◆ Problem to solve ◆
What is needed is an exact transcription of the line containing "Quercus floribunda" and every line after it through the end of the entries below, with no pictures.

◆ Given information ◆
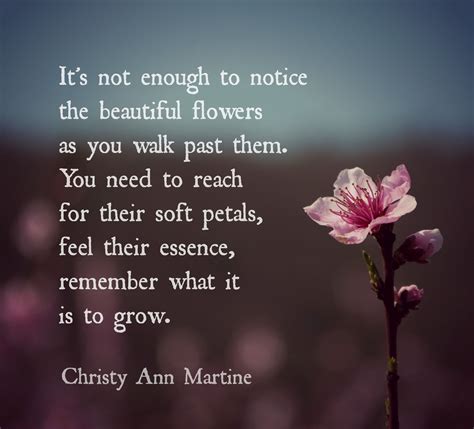 Nature quotes - Appreciation poems - quote - flowers - gratitude - life - Christy Ann Martine ...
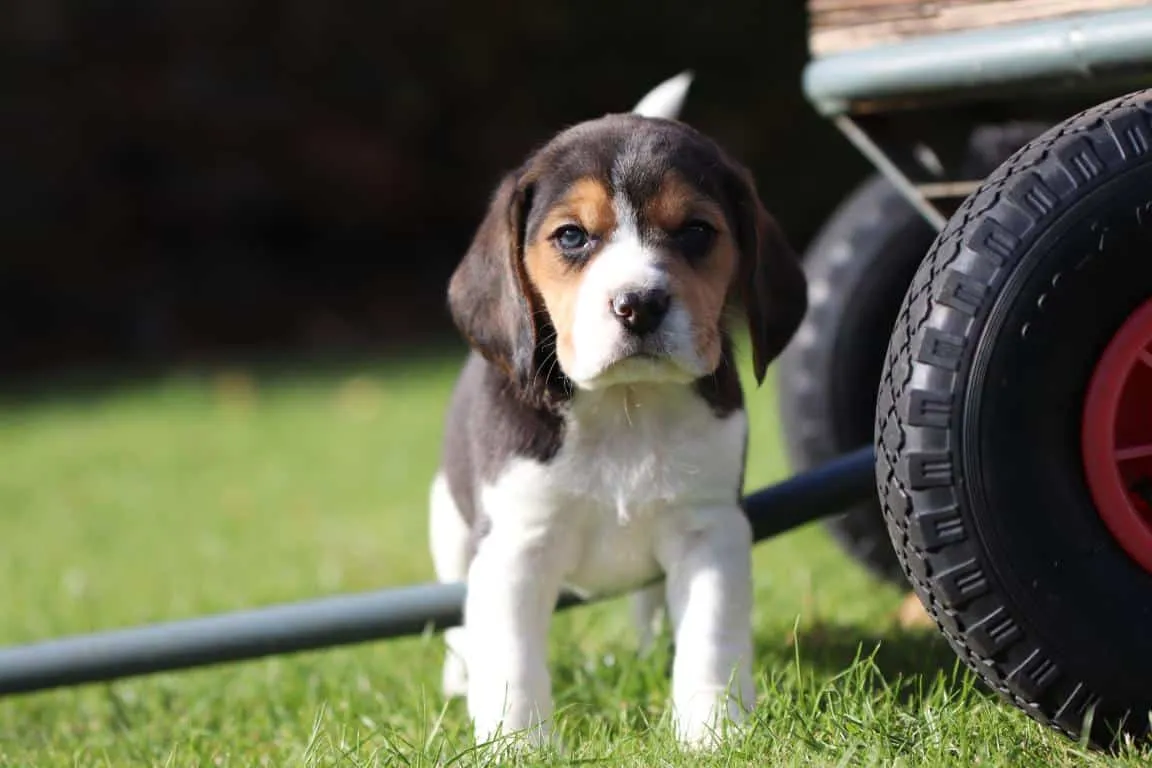 Waar vind ik een geweldig goede beagle fokker? 8 Beagle kennel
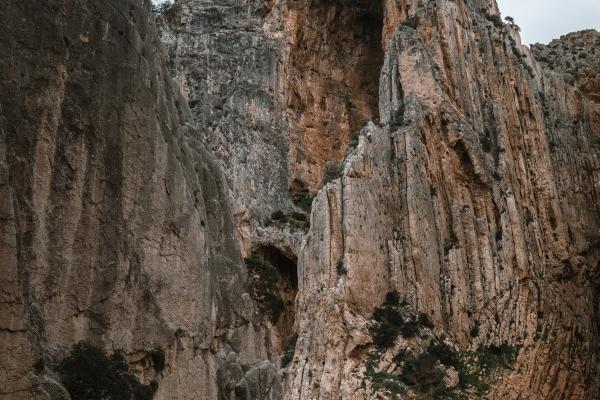 属兔87年二婚在什么时候,属兔的最佳婚配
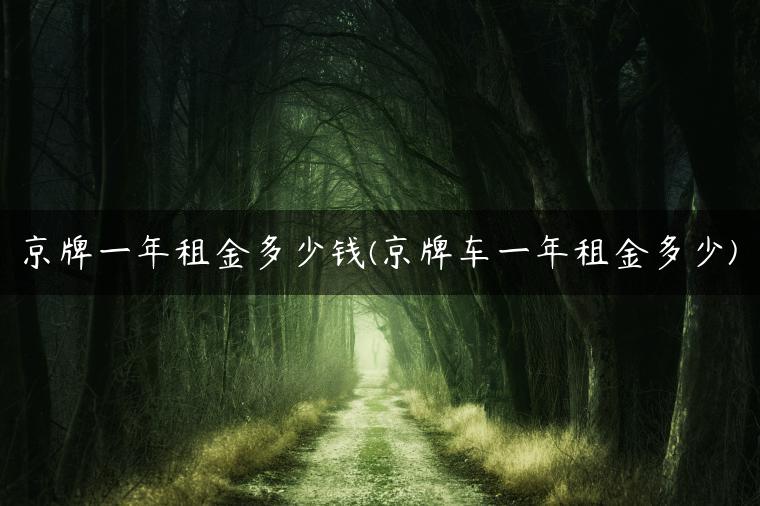 京牌一年租金多少钱(京牌车一年租金多少)
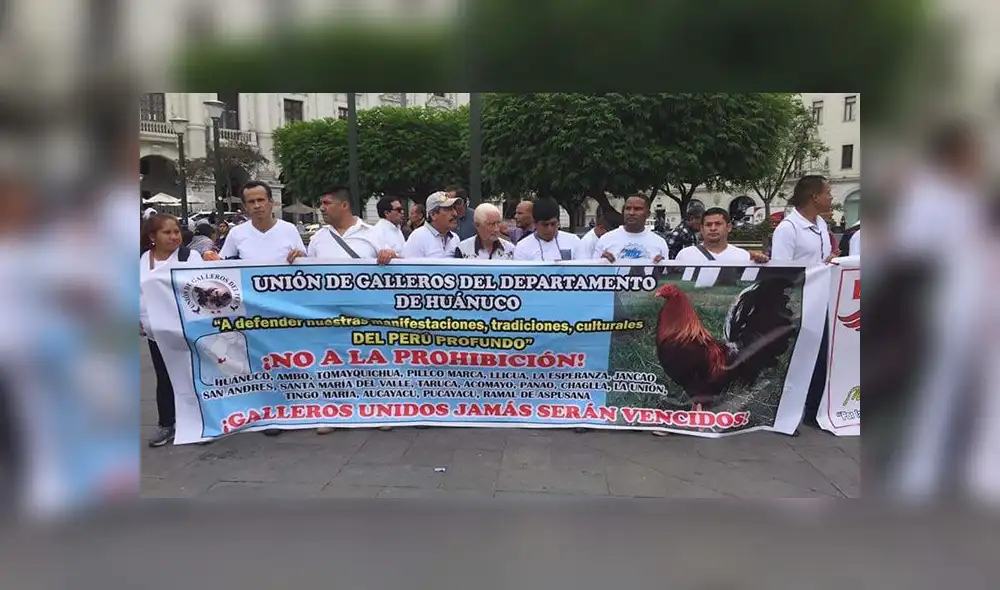 Asociaciones marchan a favor de las peleas de gallos [FOTOS] 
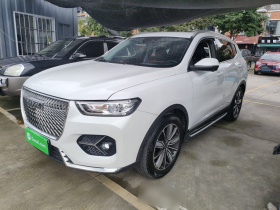哈弗H6 2021款 1.5T 自动冠军版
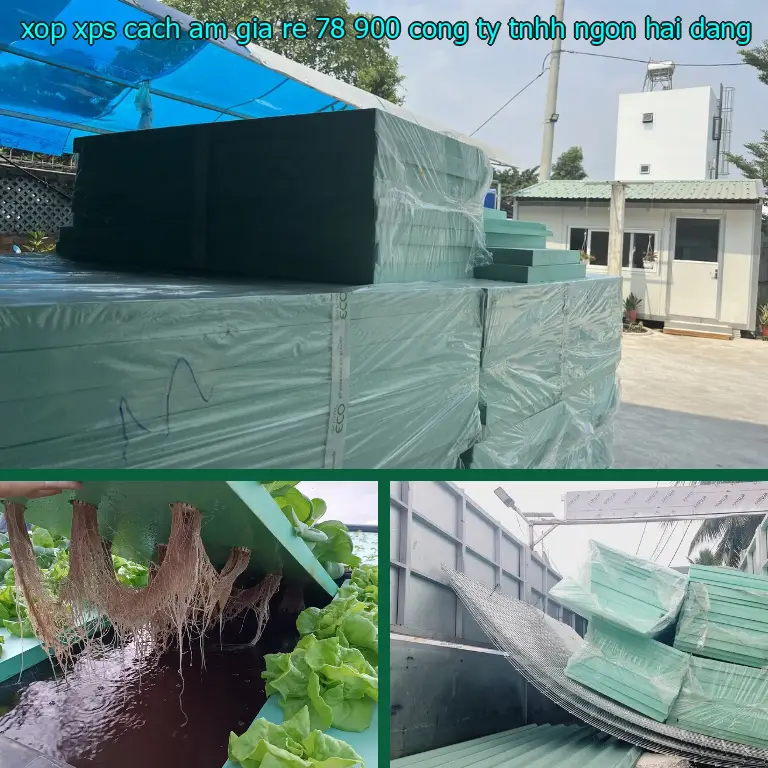 Nhà cung cấp xốp XPS cách âm giá rẻ 78.900₫: Công ty TNHH Ngọn Hải Đăng Nhà cung cấp xốp XPS cách âm giá rẻ 78.900₫: Công ty TNHH Ngọn Hải Đăng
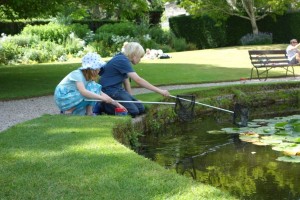 Cotehele events - discover what's in a pond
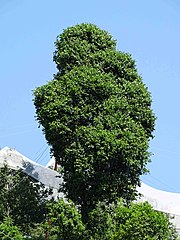 Quercus floribunda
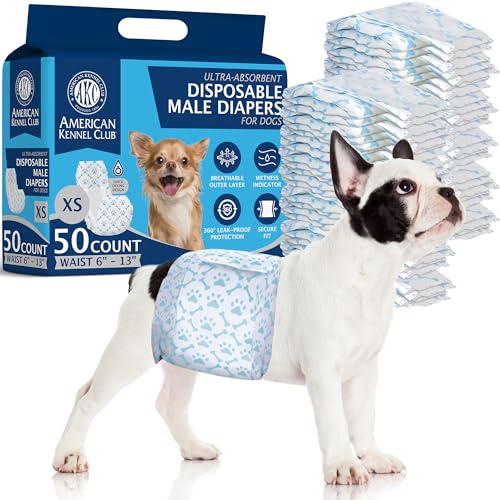 Best Dog for Single Male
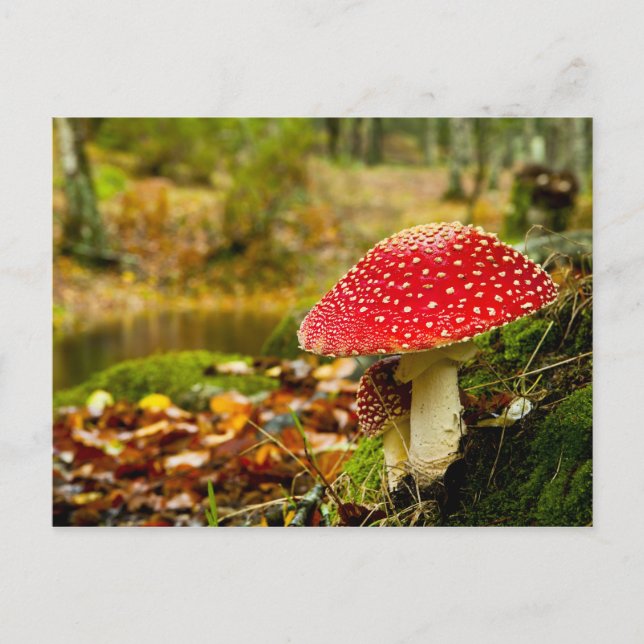Red Mushroom Postcard (Front)
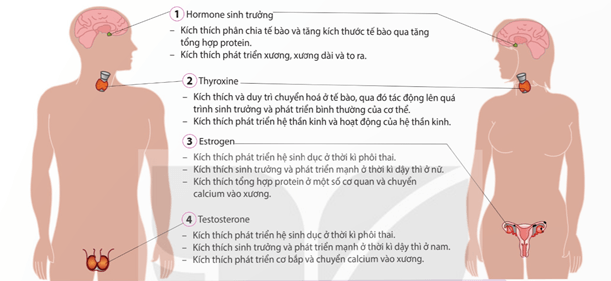 Lý thuyết Sinh 11 Kết nối tri thức Bài 22: Sinh trưởng và phát triển ở động vật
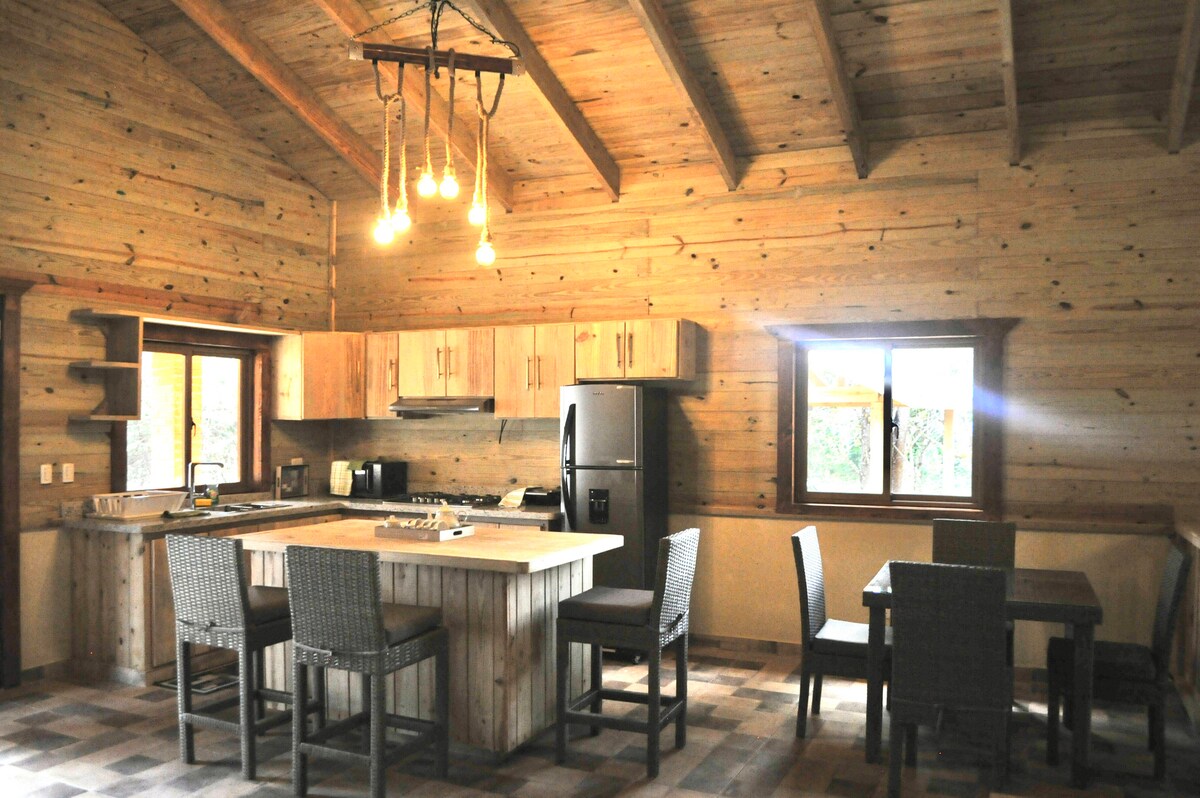 A modern kitchen showcases wooden walls and vaulted ceilings, illuminated by overhead light fixtures. A dining area with four chairs complements an island countertop, which contains an integrated stovetop. Large windows provide natural light and a view of the surrounding nature.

◆ Solution ◆
 Quercus floribunda
 Best Dog for Single Male
Red Mushroom Postcard (Front)
 Lý thuyết Sinh 11 Kết nối tri thức Bài 22: Sinh trưởng và phát triển ở động vật
 A modern kitchen showcases wooden walls and vaulted ceilings, illuminated by overhead light fixtures. A dining area with four chairs complements an island countertop, which contains an integrated stovetop. Large windows provide natural light and a view of the surrounding nature.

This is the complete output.